Las miradas del joven y el unicornio solo se cruzaron unos instantes antes de que el animal huyese entre la espesura del bosque haciendo que con su marcha, el mundo se oscureciese de nuevo, pero esos instantes bastaron para que en el corazón del muchacho brotase una chispa, una llama, una luz capaz de iluminar su mundo interior con tal fuerza que, desde aquel mágico momento, sintió que hasta entonces había vivido en un mundo de sombras y miedos y ahora sentía, con una certeza que hasta no había tenido nunca que su corazón poseía una fuerza capaz de salvar cualquier obstáculo que se le pusiese por delante.
Aquel animal de cuento le había hecho el mayor de los regalos con tan solo dignarse a mirarlo unos segundos. Segundos que cambiaron al joven para siempre y de lo cual pudo darse cuenta su madre al verlo regresar a casa con la comida que tanto ansiaban y tanto había costado conseguir.

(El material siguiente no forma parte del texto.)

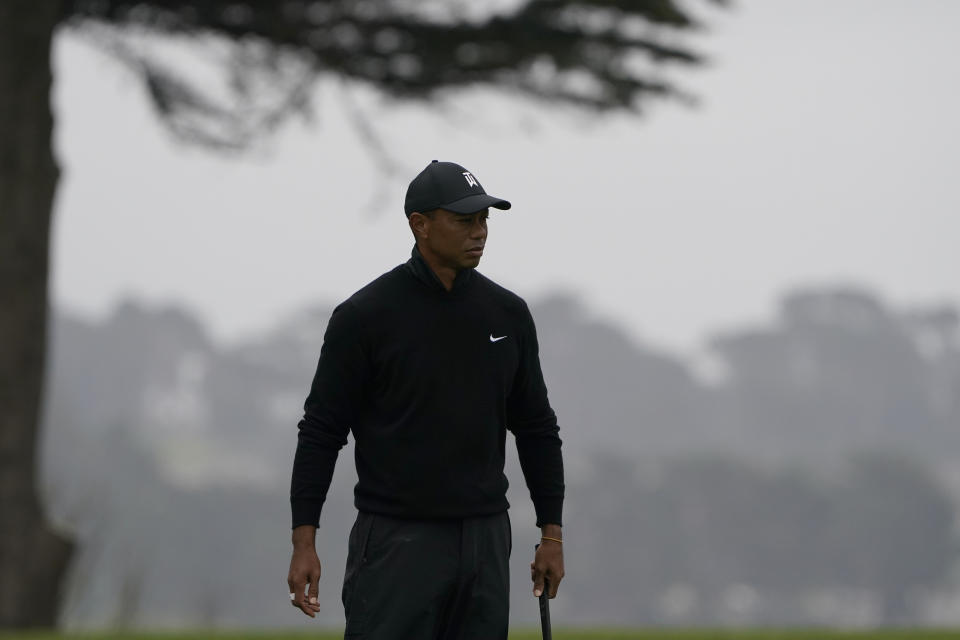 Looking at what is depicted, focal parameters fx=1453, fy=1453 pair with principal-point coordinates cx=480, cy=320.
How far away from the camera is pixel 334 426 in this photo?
4137mm

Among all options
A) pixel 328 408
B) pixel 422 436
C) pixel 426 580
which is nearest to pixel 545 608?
pixel 426 580

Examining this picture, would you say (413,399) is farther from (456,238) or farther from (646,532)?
(646,532)

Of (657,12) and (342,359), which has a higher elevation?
(657,12)

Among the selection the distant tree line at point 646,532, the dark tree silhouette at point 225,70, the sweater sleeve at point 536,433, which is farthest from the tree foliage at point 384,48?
the distant tree line at point 646,532

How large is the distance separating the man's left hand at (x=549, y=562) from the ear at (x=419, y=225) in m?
0.95

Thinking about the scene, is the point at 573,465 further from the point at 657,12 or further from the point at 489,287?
the point at 489,287

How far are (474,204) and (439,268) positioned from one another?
0.22 meters

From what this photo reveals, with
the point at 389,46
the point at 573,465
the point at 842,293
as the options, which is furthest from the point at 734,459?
the point at 389,46

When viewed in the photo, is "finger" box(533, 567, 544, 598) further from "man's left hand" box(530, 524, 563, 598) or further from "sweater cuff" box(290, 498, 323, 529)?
"sweater cuff" box(290, 498, 323, 529)

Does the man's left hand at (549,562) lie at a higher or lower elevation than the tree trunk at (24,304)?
lower

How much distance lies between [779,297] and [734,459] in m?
52.1

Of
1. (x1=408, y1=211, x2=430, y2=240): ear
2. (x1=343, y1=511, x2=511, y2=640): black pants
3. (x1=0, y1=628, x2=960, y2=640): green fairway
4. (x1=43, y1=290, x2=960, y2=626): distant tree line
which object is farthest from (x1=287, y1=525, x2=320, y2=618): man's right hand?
(x1=43, y1=290, x2=960, y2=626): distant tree line

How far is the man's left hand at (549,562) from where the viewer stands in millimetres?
4289

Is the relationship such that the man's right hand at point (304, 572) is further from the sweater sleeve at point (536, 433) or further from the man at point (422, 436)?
the sweater sleeve at point (536, 433) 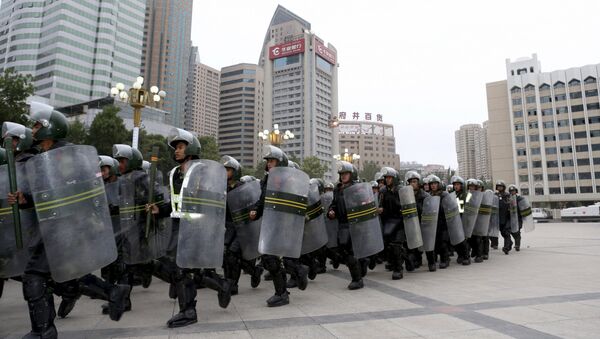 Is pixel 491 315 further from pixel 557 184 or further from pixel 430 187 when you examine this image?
pixel 557 184

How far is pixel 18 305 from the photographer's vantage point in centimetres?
537

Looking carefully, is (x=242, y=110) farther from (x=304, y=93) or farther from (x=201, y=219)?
(x=201, y=219)

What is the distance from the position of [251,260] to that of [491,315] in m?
3.43

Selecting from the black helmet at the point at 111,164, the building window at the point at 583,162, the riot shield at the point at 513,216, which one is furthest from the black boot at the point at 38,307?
the building window at the point at 583,162

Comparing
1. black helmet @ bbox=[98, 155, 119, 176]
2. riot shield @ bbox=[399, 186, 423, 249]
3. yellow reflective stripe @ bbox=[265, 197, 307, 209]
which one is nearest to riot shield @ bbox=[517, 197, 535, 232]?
riot shield @ bbox=[399, 186, 423, 249]

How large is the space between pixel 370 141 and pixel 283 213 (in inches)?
6045

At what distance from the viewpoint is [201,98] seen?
169m

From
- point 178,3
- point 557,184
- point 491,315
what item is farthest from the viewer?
point 178,3

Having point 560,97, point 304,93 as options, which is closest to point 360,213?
point 560,97

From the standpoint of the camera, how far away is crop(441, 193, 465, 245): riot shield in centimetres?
856

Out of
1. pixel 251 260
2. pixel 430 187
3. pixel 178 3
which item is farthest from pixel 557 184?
pixel 178 3

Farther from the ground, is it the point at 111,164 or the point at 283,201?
the point at 111,164

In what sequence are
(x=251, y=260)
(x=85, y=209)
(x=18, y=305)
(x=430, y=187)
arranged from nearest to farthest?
(x=85, y=209), (x=18, y=305), (x=251, y=260), (x=430, y=187)

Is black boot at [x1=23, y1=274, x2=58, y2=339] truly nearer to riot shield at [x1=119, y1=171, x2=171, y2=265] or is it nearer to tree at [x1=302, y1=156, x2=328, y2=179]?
riot shield at [x1=119, y1=171, x2=171, y2=265] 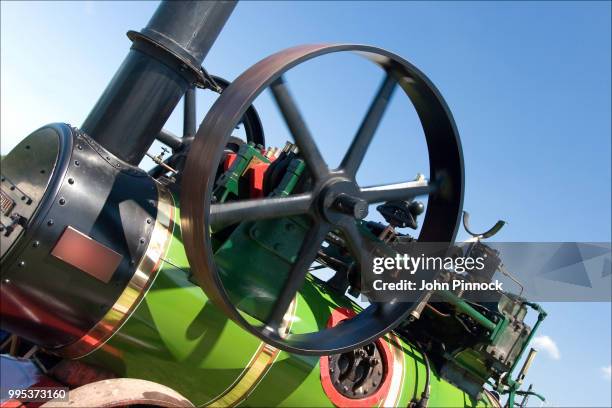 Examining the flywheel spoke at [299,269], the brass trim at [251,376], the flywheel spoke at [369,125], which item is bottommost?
the brass trim at [251,376]

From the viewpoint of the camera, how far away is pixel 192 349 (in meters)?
3.00

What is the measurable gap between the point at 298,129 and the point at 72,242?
114 centimetres

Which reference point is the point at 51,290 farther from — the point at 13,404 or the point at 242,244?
the point at 242,244

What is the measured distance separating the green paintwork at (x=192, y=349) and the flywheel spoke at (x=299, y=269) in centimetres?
32

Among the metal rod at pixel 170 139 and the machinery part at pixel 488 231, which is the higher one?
the machinery part at pixel 488 231

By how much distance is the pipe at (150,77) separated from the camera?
3.00 meters

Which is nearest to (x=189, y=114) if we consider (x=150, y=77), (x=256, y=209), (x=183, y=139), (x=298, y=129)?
A: (x=183, y=139)

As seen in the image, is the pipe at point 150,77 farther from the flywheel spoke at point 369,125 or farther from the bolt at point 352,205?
the bolt at point 352,205

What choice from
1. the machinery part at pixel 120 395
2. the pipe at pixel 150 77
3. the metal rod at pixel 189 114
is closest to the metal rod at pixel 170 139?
the metal rod at pixel 189 114

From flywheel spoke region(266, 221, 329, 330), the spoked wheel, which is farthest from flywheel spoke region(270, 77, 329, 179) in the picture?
flywheel spoke region(266, 221, 329, 330)

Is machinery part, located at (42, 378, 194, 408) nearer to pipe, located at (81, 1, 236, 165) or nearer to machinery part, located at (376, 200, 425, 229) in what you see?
pipe, located at (81, 1, 236, 165)

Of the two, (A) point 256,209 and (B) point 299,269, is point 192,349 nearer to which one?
(B) point 299,269

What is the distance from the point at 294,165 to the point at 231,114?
0.70m

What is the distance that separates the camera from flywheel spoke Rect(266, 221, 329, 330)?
9.52ft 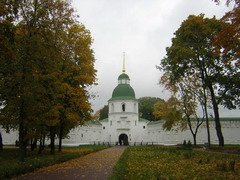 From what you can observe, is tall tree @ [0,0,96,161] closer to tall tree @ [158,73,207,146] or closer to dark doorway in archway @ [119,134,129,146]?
tall tree @ [158,73,207,146]

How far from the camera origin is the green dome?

La anciana mujer, nada mas acercarse y mirar a sus ojos supo que aquel no era el mismo muchacho que marchó unos días atrás. Algo le había ocurrido en el bosque y no pudo evitar recordar a su difunto marido mientras este le contaba las extrañas cosas que se podían ver en lo mas profundo del bosque.
En sus ojos verdes había un extraño brillo que antes no poseían y su sola postura denotaba la seguridad de quien ha visto algo que solo esta destinado a unos pocos de corazón puro. Pero la mujer también intuyó, como solo una madre puede hacerlo, que un gran cambio se avecinaba solo con ver la decisión reflejada en los ojos de su querido hijo.
El muchacho le entregó toda la carne a su anciana madre y la abrazó con tanta fuerza que esta pensó que se partiría, pero el corazón se le detuvo cuando escuchó la grave voz de su hijo susurrándole al oído.
-. Madre. Prometo que jamás te faltara de nada, siempre tendrás algo que llevarte a la boca, pues yo me ocupare de eso, pero tengo que encontrarlo. Tengo que verlo de nuevo y volver a sentir lo que sentí al verlo, por eso mismo me voy. He visto la verdadera luz y ya no puedo vivir entre la oscuridad de este mundo. Estaré bien y te observare y cuidare desde el bosque, mi nuevo hogar.-
Tras decir aquello el joven limpió las lágrimas que corrían por las mejillas de su madre y sin decir una palabra más volvió sobre sus pasos, hacia el bosque, hacia las montañas de la Luna, mientras unos tímidos copos de nieve anunciaban la llegada del invierno.